No wonder Barbie looks so great at 50—the ultimate blonde bombshell has 25 hair and makeup pros on call.
By Lindsy Van Gelder
Like Linda Blair, Marie Osmond, Mackenzie Phillips, and Irene Cara, Barbie turns 50 this year.
We don't know how the rest of them are coping with the Big Five-O, but at the halfcentury mark, Barbie is still one of the most powerful beauty icons in the world. That's no small feat considering that Barbie has had more than 50,000 makeovers since she was born in 1959. The original Barbie set the mold for all the looks to come, with her exaggerated black eyeliner and sexy red lips. (Her famous blonde hair, it turns out, was dictated by all the kids and mothers who didn't buy the brunette model.) She's since had a Jackie Kennedy bouffant (Bubble Cut Barbie, 1962), taken her glamour cues from Farrah Fawcett (Superstar Barbie, 1977), and gone goth (the new Hard Rock Barbie). Even when she's straddling a Harley or tricked out as an astronaut, "Barbie always has what the high heel has -- a kind of hyperfemininity," says Valerie Steele, director and chief curator of the museum at the Fashion Institute of Technology in New York City.
Finding and executing Barbie-worthy beauty trends is an actual job -- many, many jobs, in fact.
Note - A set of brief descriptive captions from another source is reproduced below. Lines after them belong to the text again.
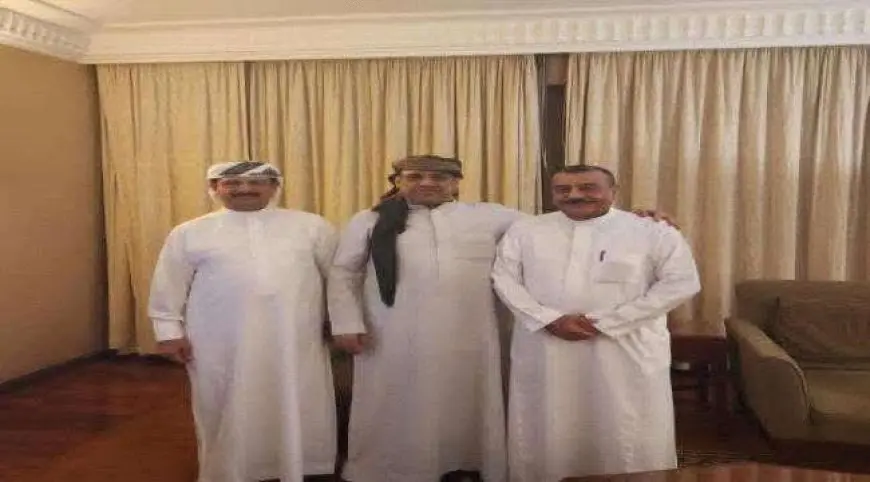 أحمد الميسري يعود للمشهد السياسي مجدداً ويظهر في...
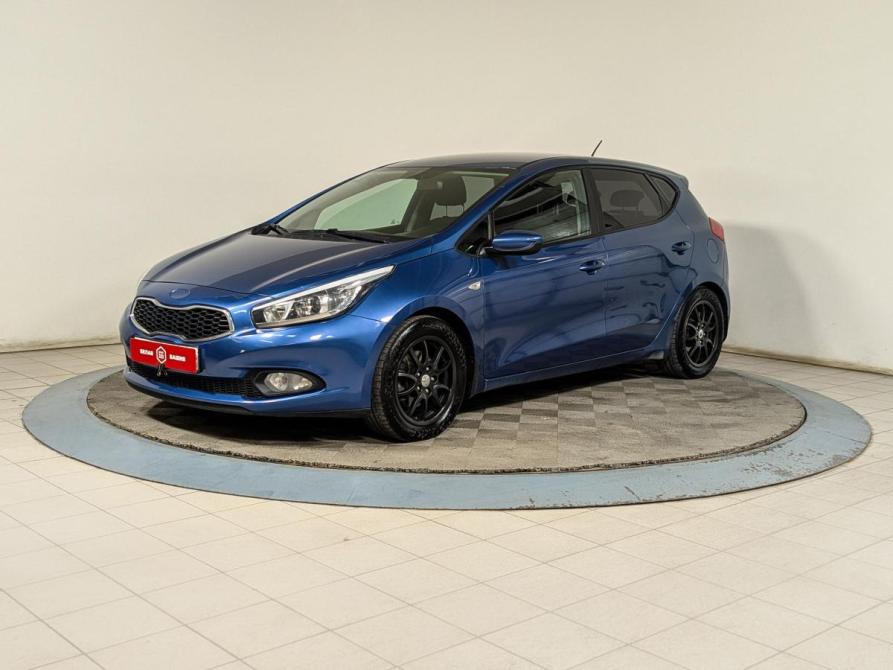 Kia Ceed II Екатеринбург  - изображение 4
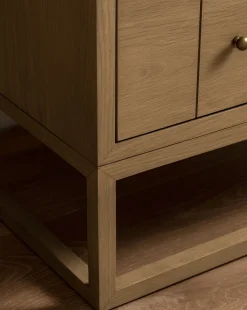 Huxton Tall Dresser|Makerspalm Discount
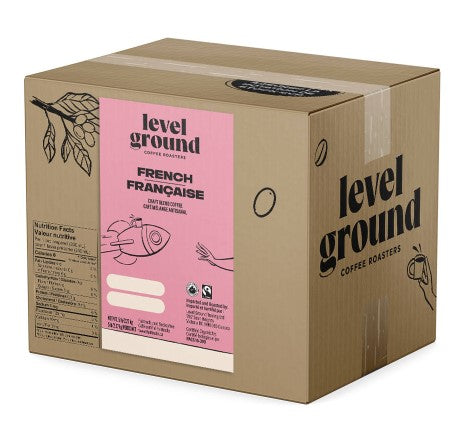 French Roast Whole Bean Coffee (5lb)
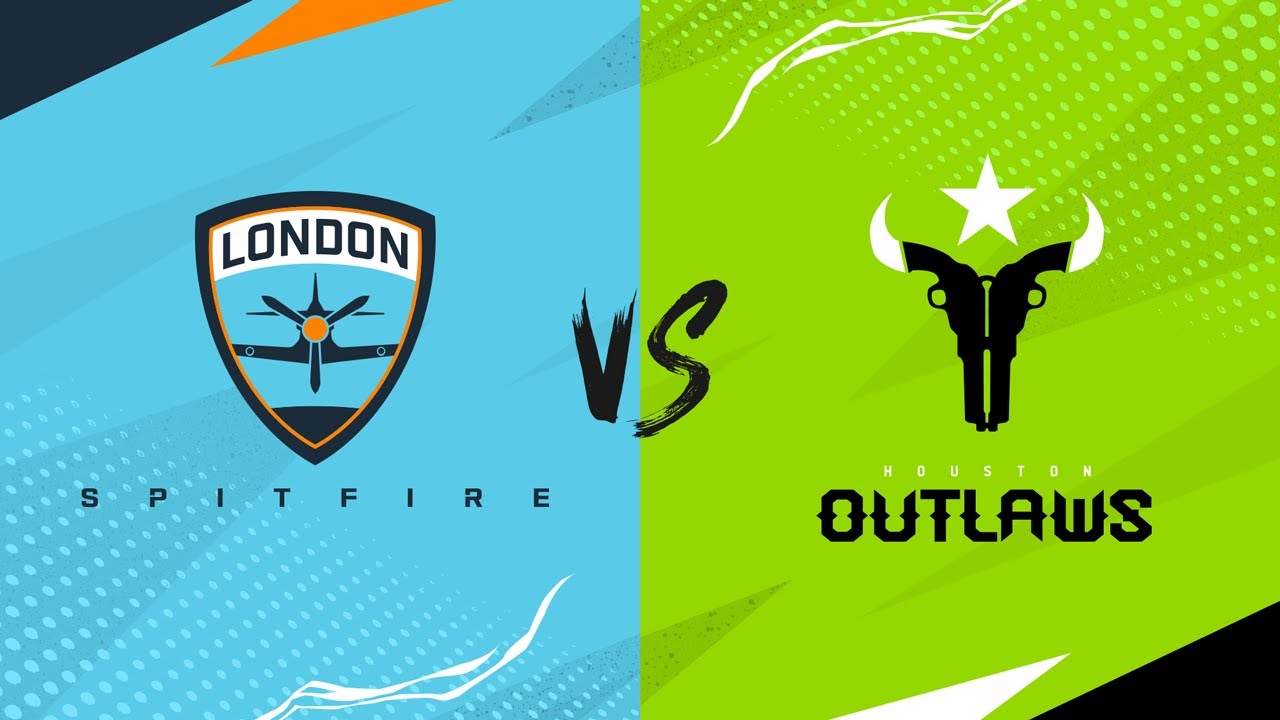 @Spitfire vs @OutlawsOW | Spring Stage Qualifiers West | Week 4 Day 3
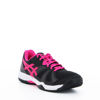 Immagine di ASICS - Scarpa da padel nera e rosa con ammortizzazione in GEL, numerata 37,5/42 - GEL PADEL PRO 5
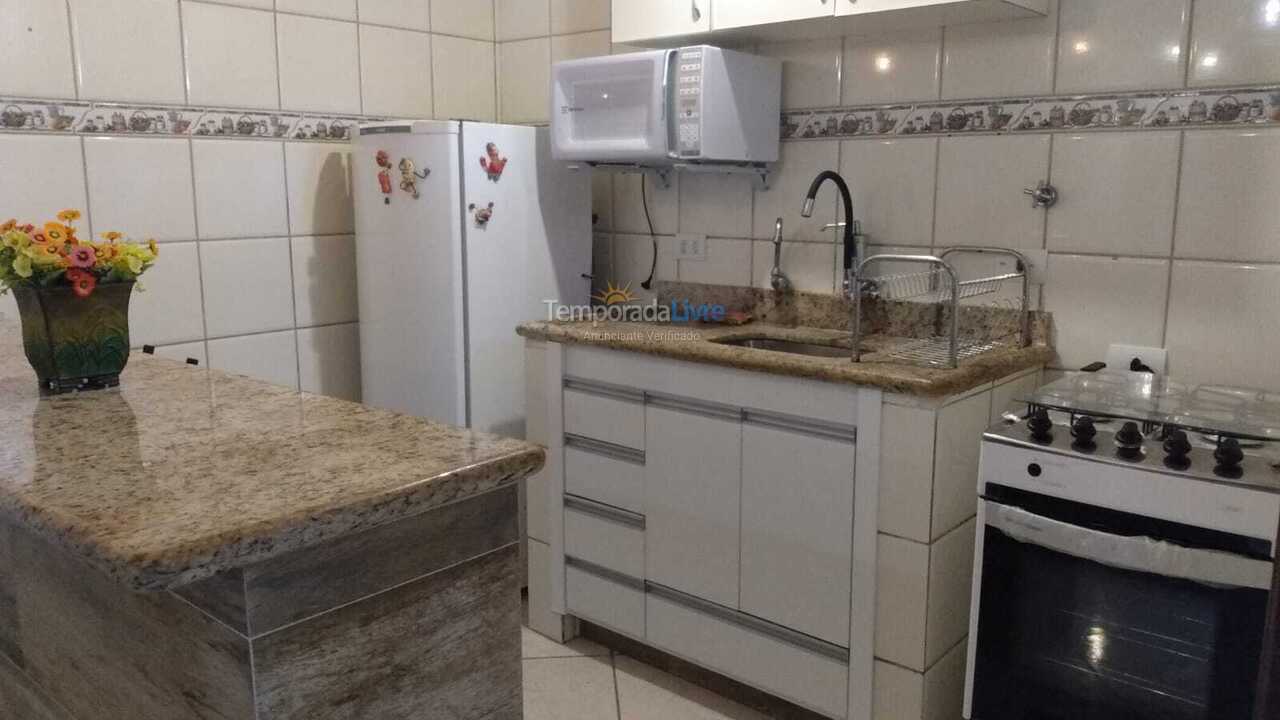 House for vacation rental in Guarujá (Tombo)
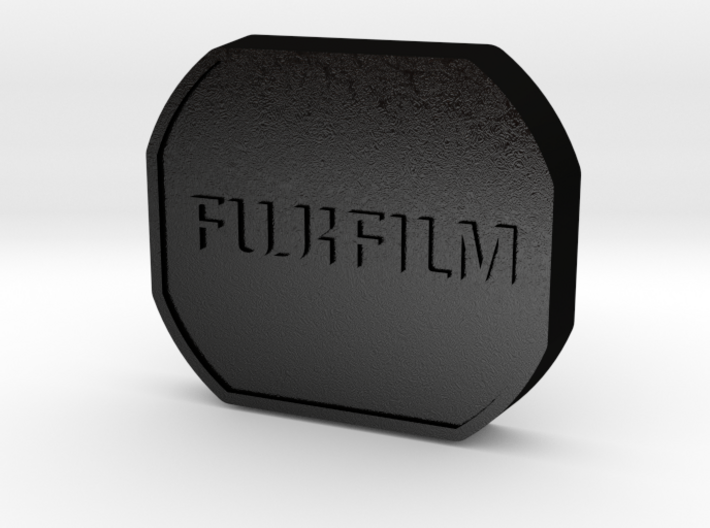 Fujifilm XF 35mm F1.4 Cap 3d printed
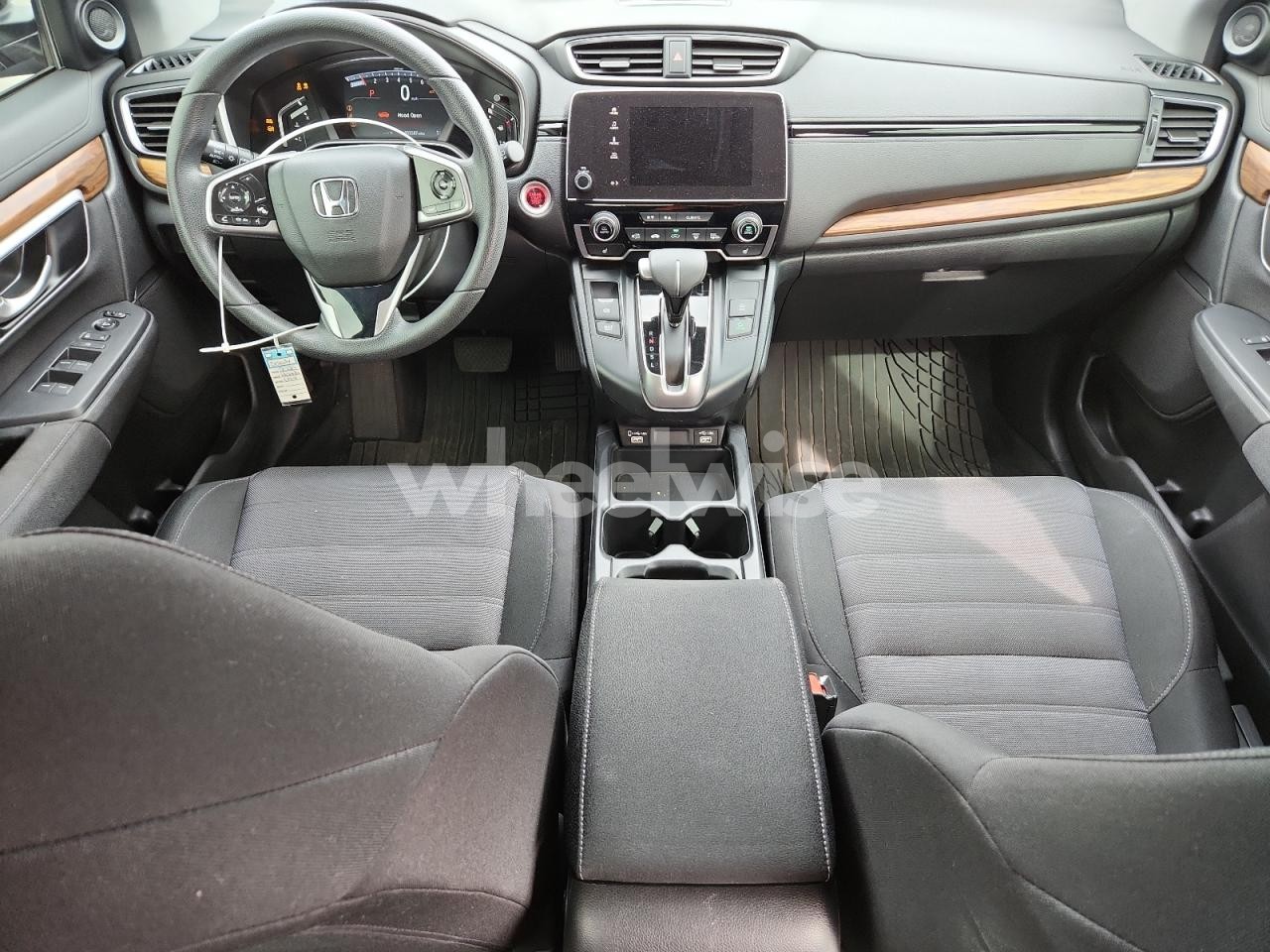 Photo 8 of 2020 HONDA CR-V EX (VIN 2HKRW1H5XLH420559)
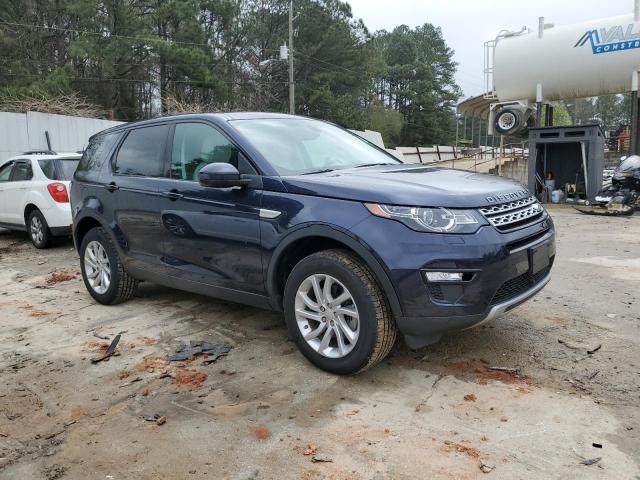 Photo 4 from auction – 2016 LAND ROVER DISCOVERY with VIN SALCR2BG7GH629347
Mattel employs some 25 "hair-and-face designers" (including two licensed cosmetologists), plus teams of marketing mavens and other idea people who visit the Paris runways, trek to the streets of Tokyo and Hong Kong to check out what teenagers are wearing, and stay au courant with everything from "magazines like Allure to fashion-industry trade shows like Première Vision," says Evelyn Viohl, senior vice president of product design. Celebrities are examined ("We're especially inspired by ones who constantly change their look, like Gwen Stefani"), and hairstyles are auditioned for the designers' friends and kids. "We talk about her as if she were a real person," says Viohl. "We find ourselves getting into deep conversations about stuff like what colors she would never wear in a million years." Fifteen artists wield teeny, tiny sable brushes for up to three hours to put makeup on each new Barbie prototype -- foundation (regular Barbies wear one of seven tones, with "L.A. Tan" being the most popular), blush, lip gloss or lipstick, eyeliner, eyebrow pencil, and shadow. As with most life-size women, Barbie's preferred eye-shadow color is brown, with more than 300 shades of chocolate, taupe, espresso, and café au lait in her makeup arsenal.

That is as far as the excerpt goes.